UC Davis

The autonomic nervous system (ANS) plays a critical role in neurocardiovascular control. The structure of the neural circuitry and intrinsic properties of autonomic neurons are likely to play important roles in shaping the ANS control response to changes in blood demand. In this dissertation, we explore how the M-current, cardiac feedback, and recurrent neural connections shape the firing dynamics of autonomic cardiac ganglia. In chapter 2, a data-informed, idealized cell-based mathematical model of the neural circuitry in the intrinsic cardiac nervous system (ICNS) is developed that captures the firing properties of ICNS neurons.
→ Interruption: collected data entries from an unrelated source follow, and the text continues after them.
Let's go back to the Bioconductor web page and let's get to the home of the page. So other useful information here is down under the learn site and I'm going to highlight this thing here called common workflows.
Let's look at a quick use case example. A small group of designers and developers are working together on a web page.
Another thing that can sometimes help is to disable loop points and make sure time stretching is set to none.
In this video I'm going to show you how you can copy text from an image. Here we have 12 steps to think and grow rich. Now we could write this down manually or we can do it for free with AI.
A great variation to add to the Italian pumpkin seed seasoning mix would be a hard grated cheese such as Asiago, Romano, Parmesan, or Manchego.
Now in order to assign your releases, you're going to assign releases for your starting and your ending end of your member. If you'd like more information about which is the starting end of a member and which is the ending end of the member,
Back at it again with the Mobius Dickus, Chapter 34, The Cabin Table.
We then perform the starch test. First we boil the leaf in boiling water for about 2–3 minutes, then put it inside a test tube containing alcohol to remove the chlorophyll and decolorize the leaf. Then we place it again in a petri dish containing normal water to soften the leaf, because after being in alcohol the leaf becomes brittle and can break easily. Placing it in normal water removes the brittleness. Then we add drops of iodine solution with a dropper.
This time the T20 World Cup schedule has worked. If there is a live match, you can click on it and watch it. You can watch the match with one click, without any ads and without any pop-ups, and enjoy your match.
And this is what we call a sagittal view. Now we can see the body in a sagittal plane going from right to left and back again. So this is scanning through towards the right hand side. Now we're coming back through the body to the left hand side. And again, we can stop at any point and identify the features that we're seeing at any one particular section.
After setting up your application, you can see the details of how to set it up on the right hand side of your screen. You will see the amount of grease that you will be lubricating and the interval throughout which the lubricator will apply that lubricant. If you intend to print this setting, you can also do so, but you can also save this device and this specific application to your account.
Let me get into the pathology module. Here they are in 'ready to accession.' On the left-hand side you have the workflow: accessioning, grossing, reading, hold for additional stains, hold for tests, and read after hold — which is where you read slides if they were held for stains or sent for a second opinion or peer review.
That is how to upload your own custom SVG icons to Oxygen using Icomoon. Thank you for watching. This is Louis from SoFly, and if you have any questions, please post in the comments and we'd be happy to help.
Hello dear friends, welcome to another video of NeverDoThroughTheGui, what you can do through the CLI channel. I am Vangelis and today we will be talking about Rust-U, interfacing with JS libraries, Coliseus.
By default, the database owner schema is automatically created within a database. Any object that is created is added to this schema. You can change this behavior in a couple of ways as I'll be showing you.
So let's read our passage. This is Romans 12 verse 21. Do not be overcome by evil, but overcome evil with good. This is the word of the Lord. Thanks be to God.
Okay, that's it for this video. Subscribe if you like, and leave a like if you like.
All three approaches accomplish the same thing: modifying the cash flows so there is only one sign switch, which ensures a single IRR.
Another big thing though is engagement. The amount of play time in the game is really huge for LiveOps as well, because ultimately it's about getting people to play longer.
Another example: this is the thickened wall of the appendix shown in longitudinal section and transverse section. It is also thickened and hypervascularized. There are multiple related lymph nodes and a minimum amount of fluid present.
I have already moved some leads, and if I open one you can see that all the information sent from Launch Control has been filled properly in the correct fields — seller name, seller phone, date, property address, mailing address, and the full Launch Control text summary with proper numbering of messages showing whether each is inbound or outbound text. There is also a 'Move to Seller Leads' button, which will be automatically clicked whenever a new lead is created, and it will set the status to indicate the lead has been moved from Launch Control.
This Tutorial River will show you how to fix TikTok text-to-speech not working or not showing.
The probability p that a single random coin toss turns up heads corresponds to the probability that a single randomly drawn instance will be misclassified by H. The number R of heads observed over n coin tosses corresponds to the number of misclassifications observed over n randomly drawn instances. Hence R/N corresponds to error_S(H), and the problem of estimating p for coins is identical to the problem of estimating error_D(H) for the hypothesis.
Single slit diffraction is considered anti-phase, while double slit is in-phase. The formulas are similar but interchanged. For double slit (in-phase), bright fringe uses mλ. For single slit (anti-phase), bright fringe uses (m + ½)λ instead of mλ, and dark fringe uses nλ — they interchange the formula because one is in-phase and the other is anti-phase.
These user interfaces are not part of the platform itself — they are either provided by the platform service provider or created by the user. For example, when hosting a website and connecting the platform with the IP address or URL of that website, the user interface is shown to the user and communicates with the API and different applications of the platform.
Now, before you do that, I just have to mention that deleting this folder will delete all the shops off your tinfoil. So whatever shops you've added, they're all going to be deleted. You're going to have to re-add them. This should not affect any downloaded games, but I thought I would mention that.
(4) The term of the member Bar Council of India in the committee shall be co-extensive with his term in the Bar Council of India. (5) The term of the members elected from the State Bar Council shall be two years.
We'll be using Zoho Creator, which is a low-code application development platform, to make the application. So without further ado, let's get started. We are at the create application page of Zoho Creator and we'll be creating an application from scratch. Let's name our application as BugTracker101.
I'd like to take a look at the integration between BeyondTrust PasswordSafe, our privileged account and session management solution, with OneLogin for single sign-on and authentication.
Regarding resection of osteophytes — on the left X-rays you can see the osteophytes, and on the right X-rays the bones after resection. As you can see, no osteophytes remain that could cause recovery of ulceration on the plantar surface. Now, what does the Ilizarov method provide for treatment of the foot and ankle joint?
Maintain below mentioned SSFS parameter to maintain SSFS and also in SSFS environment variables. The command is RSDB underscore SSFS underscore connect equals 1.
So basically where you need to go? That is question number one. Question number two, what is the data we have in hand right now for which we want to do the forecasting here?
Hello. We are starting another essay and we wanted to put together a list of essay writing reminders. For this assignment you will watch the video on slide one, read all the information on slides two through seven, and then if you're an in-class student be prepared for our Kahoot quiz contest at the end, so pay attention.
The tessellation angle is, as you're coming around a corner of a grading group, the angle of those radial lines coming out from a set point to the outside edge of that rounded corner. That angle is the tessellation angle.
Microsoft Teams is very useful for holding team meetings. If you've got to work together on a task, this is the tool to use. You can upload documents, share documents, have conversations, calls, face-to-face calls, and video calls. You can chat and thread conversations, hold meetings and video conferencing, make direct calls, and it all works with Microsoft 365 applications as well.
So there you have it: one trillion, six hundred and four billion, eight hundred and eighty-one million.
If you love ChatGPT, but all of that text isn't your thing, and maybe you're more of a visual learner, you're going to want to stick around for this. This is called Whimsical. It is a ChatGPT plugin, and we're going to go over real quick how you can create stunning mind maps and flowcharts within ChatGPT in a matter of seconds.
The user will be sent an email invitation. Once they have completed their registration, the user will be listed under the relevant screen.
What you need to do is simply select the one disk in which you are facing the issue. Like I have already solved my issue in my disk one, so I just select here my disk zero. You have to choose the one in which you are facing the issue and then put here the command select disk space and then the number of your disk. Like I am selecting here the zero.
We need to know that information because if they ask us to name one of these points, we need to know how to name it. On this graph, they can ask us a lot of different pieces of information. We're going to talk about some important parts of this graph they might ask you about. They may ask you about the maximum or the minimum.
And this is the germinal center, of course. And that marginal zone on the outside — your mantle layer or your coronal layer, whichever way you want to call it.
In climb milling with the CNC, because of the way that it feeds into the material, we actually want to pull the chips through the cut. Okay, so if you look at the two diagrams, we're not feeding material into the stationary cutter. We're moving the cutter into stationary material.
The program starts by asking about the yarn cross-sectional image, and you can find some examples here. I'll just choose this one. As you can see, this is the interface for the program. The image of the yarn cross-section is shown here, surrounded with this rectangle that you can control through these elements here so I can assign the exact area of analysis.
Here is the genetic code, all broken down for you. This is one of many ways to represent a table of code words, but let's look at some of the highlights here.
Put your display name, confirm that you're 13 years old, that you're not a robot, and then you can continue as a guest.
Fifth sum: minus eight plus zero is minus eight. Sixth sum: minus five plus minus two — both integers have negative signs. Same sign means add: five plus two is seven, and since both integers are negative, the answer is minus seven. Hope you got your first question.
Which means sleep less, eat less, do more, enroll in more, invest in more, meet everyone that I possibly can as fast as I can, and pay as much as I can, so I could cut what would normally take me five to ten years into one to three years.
The model indicates that the M-current and cardiac-cycle dependent feedback shape the firing dynamics of ICNS neurons. In chapter 3, we explain how the M-current bestows ICNS neurons with band-pass filter and resonance properties. In chapter 4, we reduce the cell-based ICNS network model to a firing rate model, which enables extensive mathematical analysis. Analysis of the firing rate model is used to gain insight into how bistability can arise in the cell-based ICNS network model through M-current dynamics and recurrent excitation in the network. Predictions from the firing rate model are confirmed in the cell-based model. Finally, in chapter 5, we extend our ICNS network models to include the neural circuity of the sympathetic and parasympathetic autonomic tracts, the sino-atrial node, the cardiovascular system, and the baroreflex to describe the full autonomic neurocardiovascular control system. Our preliminary results suggest that the detailed structure of the autonomic neural circuitry (beyond just the baroreflex) could upregulate the magnitude and speed of the hearts response to a sudden increase in blood demand.